23:21defnof course you could bundle all of that, but then the person receiving the thing had to have ruby
23:21dsopoh c was more like: ah yes you need a million dependencies in the right version if not you will not notice but the program will break, someday and then it'll dump
23:21defnthe other thing with java, a thing which i now realize is why the enterprise likes java is...
23:22defni can distribute a working application, and it will work for at least 5 years
23:22dsopdefn: well and you have bunch of real classy libraries
23:23defnthe one thing im totally uncomfortable with at this point is using profilers and trying to incrementally improve performance
23:23defni have a big problem with some code right now that i could have probably just handled with perl, python, or unix utils that is slow in java
23:24defnthat is disappointing -- so id like to improve its performance, but im clueless
23:24dsopis it slow in java or is it slow in clojure?
23:24defnclojure sorry
23:25dsopwell in that case profiling might help, I don't know much about performance critical things in clojure
23:25defnhttp://gist.github.com/347339
23:25dsopdefn: but as stuart always says: try to fix your algorithms before you microoptimize
23:25defndsop: yeah i think im there
23:26defn#(assoc! %1 %2 (inc (get %1 %2 0)))

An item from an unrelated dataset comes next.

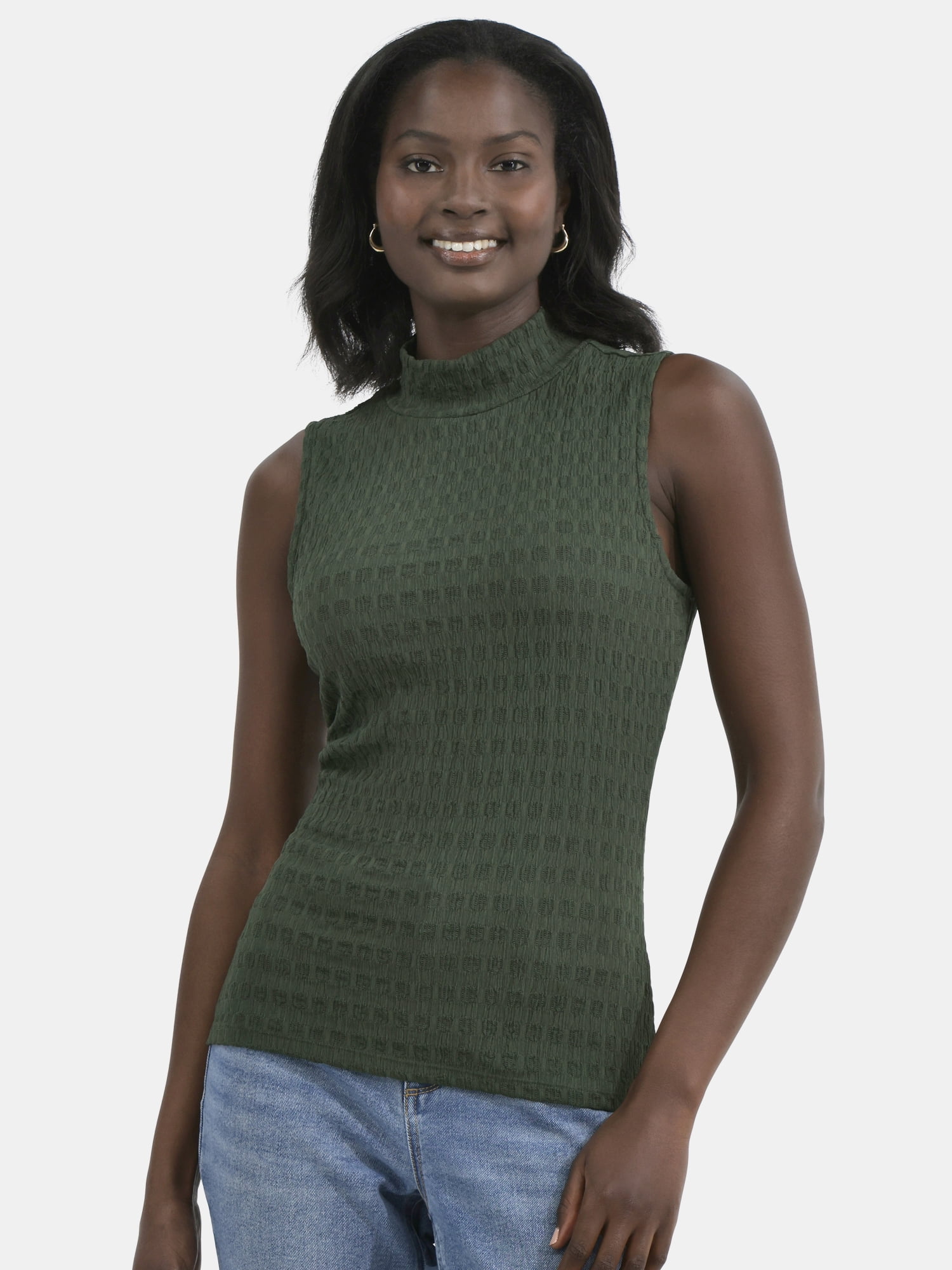 Time and Tru Women's Pucker Mock Neck Top, XS-XXXL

23:26defnthat's the problem at this point
23:27talios'lo defn , tomoj
23:27defni get a huge list of IPs, and then i want to count the number of occurrences for each unique IP dsop
23:27defnAFAICT there's not an algorithm that's going to help
23:27taliosI hope thats not a list of torrent users :)

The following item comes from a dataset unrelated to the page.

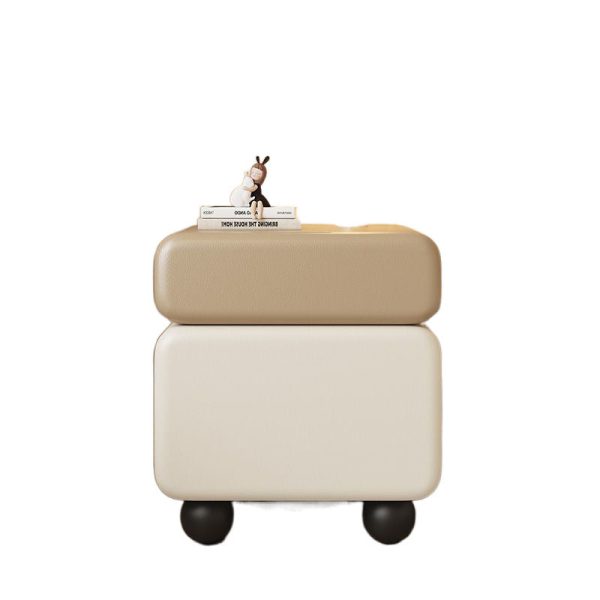 Traditional Chinese Faux Leather Solid Wood Rounded Square Nightstand 2-Drawer For Bedroom - Image 16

23:27defnwhat i need to do is chunk it and use reftypes
23:27defntalios: lol me too!
23:28defnbut i feel like chunking + reftypes seems like it's overkill, like i might be missing something more obvious, something easier
23:28RaynesIs there a core function that does nothing but discard it's input?
23:28sramsaystuck newbie asks . . .
23:29dsopdefn: sorry I don't know
23:29sramsaysuppose i have (1 2) and (5 3 4 2 3)
23:29sramsaywant to return only the latter that are in the former.
23:30sramsayfilter with for? can't get it to work.
23:31Raynes,(filter #{1 2} '(5 3 4 2 3))
23:31clojurebot(2)
23:31RaynesA set is good for this.
23:31Raynes,(filter #{1 2} '(1 5 3 4 2 3))
23:31clojurebot(1 2)
23:31sramsayHow does that work? sets can act as functions?
23:32RaynesYep. It tests to see if it's argument is in the set, and returns nil if it isn't.
23:32RaynesOtherwise, it returns the argument, I believe.
23:32sramsayWow. That is so much more beautiful than what I was doing ;)
23:33Raynes,(#{1 2} 1)
23:33clojurebot1
23:33RaynesAnything not false or nil is true, so it works out perfectly. :)
23:33sramsaythanks. that is awesome, Raynes.
23:33RaynesNo problem.
23:37tomojtalios: hey, my boss liked hearing about your vagrant/clojure idea
23:39joshua-choiI have a non-Clojure IRC question, since I'm very benighted about IRC. :( Is it possible to connect to two Freenode rooms with different names?
23:40Raynesjoshua-choi: Maybe with two IRC clients.
23:40joshua-choiRaynes: :(
23:40RaynesI don't think so.
23:40RaynesIs one allowed to be online twice with the same hostmask?
23:41RaynesI guess so, because I end up having to ghost myself all the time.
23:41joshua-choiWhat are hostmasks and ghosting?
23:41RaynesYeah, of course. My bot. Heh.
23:41Raynesjoshua-choi: /msg nickserv ghost <nick> <password>
23:41RaynesIn case you drop, but your nickname does not.
23:42Raynes(@216-164-114-53.c3-0.tlg-ubr3.atw-tlg.pa.cable.rcn.com) = hostmask
23:42RaynesI believe.
23:44joshua-choiI guess if it's not possible, I might as well change my Freenode username. Ah, well.
23:55alexykis there a single write-up summarizing the new goodness in 1.2?